Administration Halts Survey of Making Doctor Visits
By ROBERT PEAR
Published: June 28, 2011
WASHINGTON — The Obama administration said Tuesday that it had shelved plans for a survey in which “mystery shoppers” posing as patients would call doctors’ offices to see how difficult it was to get appointments.

U.S. Plans Stealth Survey on Access to Doctors (June 27, 2011) “We have determined that now is not the time to move forward with this research project,” the Department of Health and Human Services said late Tuesday.

The decision, after criticism from doctors and politicians, represents an abrupt turnabout. On Sunday night, officials at the health department and the White House staunchly defended the survey as a way to measure access to primary care, and insisted that it posed no threat to privacy.

http://blog.leekirkseymd.com

Health policy experts have long expressed concern about a shortage of primary care doctors, including family physicians and internists.
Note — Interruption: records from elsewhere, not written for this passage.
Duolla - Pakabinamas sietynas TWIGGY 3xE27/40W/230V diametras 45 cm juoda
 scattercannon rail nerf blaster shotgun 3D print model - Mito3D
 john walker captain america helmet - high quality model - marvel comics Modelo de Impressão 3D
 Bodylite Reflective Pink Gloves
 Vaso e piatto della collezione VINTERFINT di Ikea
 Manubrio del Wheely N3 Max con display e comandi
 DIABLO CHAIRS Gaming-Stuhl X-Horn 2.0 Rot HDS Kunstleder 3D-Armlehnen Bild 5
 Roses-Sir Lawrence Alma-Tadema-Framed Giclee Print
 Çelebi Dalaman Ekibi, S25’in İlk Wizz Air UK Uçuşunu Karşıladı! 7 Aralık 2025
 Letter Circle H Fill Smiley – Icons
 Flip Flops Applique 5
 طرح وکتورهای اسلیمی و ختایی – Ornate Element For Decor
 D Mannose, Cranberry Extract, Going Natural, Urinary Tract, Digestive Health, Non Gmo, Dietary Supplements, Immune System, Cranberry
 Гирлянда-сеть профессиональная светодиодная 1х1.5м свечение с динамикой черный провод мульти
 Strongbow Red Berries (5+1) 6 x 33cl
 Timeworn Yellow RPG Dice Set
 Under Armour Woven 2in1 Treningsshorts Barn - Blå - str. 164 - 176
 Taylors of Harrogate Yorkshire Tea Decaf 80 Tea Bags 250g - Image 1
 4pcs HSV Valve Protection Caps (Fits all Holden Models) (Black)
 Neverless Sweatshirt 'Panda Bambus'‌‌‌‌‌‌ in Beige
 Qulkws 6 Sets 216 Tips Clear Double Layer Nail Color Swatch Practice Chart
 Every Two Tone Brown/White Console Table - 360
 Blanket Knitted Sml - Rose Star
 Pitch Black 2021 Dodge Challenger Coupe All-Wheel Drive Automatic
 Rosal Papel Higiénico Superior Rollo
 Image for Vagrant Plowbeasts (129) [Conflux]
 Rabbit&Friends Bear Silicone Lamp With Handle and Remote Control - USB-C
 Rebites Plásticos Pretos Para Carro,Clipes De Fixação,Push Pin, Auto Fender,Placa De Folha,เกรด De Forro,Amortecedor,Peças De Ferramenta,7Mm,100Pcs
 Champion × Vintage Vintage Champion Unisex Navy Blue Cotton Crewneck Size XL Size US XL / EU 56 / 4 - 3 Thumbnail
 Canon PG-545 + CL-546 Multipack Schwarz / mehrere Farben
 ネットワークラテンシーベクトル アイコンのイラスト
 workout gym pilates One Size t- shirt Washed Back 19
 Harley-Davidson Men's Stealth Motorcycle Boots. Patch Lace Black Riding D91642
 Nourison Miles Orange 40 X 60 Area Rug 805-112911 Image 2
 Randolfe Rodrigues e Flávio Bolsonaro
The shortage, they say, could become more serious if, as President Obama hopes, more than 30 million people gain insurance coverage under the health care law passed last year.

Having coverage is not the same as having ready access to care — a fact demonstrated in Massachusetts, which has come closer than any other state to the goal of universal coverage. A recent survey by the Massachusetts Medical Society found that about half of family doctors and internists were not accepting new patients.

Plans for the federal survey were devised by the office of the assistant health secretary for planning and evaluation, Sherry A. Glied, and the government retained a big survey research company to help conduct it. Ms. Glied declined Tuesday to respond to questions about cancellation of the survey.

Administration officials evidently concluded that the survey could be a political liability. But Christian J. Stenrud, a Health and Human Services spokesman, said, “Politics did not play a role in the decision” Tuesday.

Doctors and many Republican lawmakers criticized the project, after a New York Times article about it on Monday.

“The cost and proposed clandestine method of collecting information from physician offices are questionable,” said a letter to the administration drafted Monday by Senator Mark Steven Kirk, Republican of Illinois. Mr. Kirk demanded answers to 12 questions about the survey.

Mr. Kirk asked why the survey was needed, since, he said, “there have been a number of reputable studies that confirmed many patients on Medicaid and Medicare cannot find a doctor to see them.”